Two and a Half Questions with Asura

You have been producing music for well over a decade now. How has your sound evolved over the years?
I think my music has always been a mixture of numerous influences, styles. I love electronic music, space and trance, but too, world music, classical, even pop rock. I guess that, since 1996, when  Asura was created, the evolution was natural, cause it’s not commercial music, so it has no boundaries, no limits. I too tried many synths and gears, and for something like 5 or 6 years, many virtual ones. So my sound changed with my various experiments.

360 is an album in two parts. What do the chapters “Before” and “After” signify?
It’s a very personal reason in fact. This album is a tribute to my father who passed away in 2009. He taught me love of music, and I share what I know in part thank to him with my listeners. You are  born, you live, and you die. But you give a message. It’s like a loop. A circle.
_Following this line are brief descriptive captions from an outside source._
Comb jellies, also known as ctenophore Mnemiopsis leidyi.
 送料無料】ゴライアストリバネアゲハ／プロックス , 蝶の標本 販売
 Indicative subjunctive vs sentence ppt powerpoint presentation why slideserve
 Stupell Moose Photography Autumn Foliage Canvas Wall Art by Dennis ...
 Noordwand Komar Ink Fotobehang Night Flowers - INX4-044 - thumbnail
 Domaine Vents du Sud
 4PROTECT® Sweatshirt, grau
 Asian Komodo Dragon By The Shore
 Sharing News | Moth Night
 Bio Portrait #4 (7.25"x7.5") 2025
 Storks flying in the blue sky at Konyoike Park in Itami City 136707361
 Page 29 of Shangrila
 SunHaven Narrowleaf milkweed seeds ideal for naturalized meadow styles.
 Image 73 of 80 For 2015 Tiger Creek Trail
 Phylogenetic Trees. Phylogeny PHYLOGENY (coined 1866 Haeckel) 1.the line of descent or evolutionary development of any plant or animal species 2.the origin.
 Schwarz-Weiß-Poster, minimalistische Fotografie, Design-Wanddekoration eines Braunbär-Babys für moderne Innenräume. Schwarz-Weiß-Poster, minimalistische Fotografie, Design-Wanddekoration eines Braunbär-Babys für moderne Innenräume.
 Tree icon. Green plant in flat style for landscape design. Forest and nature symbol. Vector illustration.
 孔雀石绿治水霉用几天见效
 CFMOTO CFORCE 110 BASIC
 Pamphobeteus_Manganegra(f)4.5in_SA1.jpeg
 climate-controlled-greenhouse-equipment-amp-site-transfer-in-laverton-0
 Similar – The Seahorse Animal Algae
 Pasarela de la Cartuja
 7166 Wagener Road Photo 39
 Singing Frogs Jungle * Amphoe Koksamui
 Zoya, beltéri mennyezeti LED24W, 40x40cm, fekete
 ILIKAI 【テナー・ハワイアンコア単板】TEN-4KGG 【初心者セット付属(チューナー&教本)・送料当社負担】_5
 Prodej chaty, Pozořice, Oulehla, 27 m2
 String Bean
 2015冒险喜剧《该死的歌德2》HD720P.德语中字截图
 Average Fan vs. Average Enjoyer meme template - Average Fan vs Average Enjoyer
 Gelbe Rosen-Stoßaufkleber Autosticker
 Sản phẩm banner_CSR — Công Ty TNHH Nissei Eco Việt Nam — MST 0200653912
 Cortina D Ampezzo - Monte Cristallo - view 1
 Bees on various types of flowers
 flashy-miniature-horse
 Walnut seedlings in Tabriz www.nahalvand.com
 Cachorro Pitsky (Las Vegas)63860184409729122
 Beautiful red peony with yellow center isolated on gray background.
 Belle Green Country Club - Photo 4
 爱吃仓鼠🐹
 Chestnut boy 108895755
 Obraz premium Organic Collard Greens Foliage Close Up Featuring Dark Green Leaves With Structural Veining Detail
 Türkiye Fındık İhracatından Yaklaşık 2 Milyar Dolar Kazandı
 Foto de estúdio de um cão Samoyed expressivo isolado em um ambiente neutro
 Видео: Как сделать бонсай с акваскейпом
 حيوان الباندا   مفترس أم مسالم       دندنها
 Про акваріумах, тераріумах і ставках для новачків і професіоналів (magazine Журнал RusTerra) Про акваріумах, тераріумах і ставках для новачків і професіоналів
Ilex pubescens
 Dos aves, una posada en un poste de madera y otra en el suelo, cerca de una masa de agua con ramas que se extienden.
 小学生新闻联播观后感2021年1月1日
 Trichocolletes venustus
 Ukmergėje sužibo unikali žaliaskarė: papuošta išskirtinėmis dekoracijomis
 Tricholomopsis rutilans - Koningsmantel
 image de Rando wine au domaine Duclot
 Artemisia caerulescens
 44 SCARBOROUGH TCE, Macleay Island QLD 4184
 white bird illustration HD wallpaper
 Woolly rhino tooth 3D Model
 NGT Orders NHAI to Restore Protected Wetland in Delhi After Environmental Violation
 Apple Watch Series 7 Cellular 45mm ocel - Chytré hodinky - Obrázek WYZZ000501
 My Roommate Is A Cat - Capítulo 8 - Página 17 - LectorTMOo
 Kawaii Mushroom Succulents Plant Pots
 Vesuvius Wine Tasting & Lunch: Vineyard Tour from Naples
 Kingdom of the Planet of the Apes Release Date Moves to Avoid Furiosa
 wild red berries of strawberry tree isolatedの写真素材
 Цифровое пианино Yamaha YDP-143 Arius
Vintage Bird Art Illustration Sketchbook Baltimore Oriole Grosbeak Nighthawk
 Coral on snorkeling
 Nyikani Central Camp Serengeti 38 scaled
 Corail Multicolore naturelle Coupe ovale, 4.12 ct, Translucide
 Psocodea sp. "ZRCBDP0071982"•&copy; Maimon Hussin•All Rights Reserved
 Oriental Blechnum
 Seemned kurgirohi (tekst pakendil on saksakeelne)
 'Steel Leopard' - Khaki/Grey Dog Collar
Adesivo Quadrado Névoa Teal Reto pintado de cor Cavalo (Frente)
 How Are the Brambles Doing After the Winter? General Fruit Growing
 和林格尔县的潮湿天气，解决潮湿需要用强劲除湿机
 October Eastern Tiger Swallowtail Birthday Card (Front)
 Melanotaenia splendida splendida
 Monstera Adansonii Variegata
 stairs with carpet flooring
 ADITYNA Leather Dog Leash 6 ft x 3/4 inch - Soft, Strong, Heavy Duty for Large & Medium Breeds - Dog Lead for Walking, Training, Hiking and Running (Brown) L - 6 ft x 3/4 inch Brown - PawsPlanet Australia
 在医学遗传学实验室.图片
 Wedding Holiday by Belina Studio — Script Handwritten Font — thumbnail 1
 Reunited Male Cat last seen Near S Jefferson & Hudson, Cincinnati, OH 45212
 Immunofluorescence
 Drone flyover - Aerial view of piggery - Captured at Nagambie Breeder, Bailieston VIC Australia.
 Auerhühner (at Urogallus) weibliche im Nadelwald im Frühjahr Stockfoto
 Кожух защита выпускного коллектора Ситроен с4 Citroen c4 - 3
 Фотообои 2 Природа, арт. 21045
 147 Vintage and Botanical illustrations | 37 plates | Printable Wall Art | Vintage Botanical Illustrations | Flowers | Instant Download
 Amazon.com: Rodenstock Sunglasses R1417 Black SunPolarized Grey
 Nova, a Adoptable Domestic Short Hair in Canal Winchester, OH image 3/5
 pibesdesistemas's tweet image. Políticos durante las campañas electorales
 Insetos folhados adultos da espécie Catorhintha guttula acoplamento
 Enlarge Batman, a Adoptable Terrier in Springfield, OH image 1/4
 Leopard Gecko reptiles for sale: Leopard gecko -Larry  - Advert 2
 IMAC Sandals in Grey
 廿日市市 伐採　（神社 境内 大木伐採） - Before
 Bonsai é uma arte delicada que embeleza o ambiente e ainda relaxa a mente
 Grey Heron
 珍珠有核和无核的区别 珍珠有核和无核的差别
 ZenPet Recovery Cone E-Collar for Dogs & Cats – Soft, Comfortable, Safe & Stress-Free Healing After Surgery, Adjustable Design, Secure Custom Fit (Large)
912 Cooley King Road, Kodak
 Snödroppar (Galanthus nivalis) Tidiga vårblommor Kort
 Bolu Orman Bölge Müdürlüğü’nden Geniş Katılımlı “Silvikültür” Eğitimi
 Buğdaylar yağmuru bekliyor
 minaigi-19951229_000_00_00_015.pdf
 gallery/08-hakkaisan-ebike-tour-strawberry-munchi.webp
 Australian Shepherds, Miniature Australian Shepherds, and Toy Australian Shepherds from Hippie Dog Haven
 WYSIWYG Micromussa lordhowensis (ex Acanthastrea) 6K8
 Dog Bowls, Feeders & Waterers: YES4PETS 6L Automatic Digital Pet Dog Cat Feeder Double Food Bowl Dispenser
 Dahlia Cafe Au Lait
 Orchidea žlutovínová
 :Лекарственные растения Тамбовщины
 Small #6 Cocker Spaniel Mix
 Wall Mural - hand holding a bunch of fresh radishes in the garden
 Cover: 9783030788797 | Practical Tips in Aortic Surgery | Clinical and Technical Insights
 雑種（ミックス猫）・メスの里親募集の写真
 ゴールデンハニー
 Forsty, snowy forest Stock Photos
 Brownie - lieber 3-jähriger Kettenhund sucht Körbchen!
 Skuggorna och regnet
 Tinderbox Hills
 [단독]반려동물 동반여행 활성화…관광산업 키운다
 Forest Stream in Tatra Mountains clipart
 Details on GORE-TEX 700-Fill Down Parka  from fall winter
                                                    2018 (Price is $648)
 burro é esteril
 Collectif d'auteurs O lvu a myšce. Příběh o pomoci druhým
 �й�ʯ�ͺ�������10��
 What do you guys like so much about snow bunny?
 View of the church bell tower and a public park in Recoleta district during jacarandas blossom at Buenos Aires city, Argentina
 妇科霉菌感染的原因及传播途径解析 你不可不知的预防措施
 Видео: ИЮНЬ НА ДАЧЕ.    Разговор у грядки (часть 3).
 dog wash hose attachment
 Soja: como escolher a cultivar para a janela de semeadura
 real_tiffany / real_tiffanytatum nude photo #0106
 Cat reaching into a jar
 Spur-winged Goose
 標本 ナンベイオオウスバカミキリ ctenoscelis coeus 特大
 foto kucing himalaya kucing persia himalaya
Life in 360. “Before” is when he was there, and “after” is… you guess what!

And what about the name itself – are you referring to a full cycle, return to the origin, as well as the unity of beginning and an end?
I don’t want to keep my music enclosed in a formatted style. “Code Eternity”, for example, belongs to the past, with its almost exclusive 4/4 beats, acid and loud basslines. We are in 2010 now, no more in the 2000’s. I changed and my music with me. I will keep making this kind of music of course, cause I love it, but essentially for compilations, live acts, for the dance floor too. So now I want to go deeper in a mix of World Music, Trance Ambient, Trip Hop, Classical, Glitch, everything that I think can fit with my soul. I would like it to be a panoramic vision of music, at 360 degrees. That’s why my 2011 album will be very different too, a spacey one. I will come back to a rhythmic album, as it’s the case in “360”, in 2013.

Talk a little about your collaboration with Ayten on El-Hai.
It was a virtual meeting at first, cause we met via Myspace. I send here some drones and she sang (divinely) on it. So we decided to make a track together, and it gave “El Hai”, which means “Living God” in hebrew. And it won’t be the last time. She has a heavenly voice, polymorphic I would say, and i am eager to collaborate on several other tracks, and maybe to released an album with her in the future.

How would you describe your music to someone not familiar with any styles or genres?
It’s very hard, and it has always been, to sum up my style, as I consider my music as a filter, as I said it before. To my mind, it’s World Fusion, more than ambient or trance or IDM, even if my next album will be totally ambient. But I do think that the common point to all of my tracks is  demonstrative emotion, with prominent melodies, rather than rhythmic or atmospheric explorations. By all means, I can’t be really objective, so it’s up to you to decide!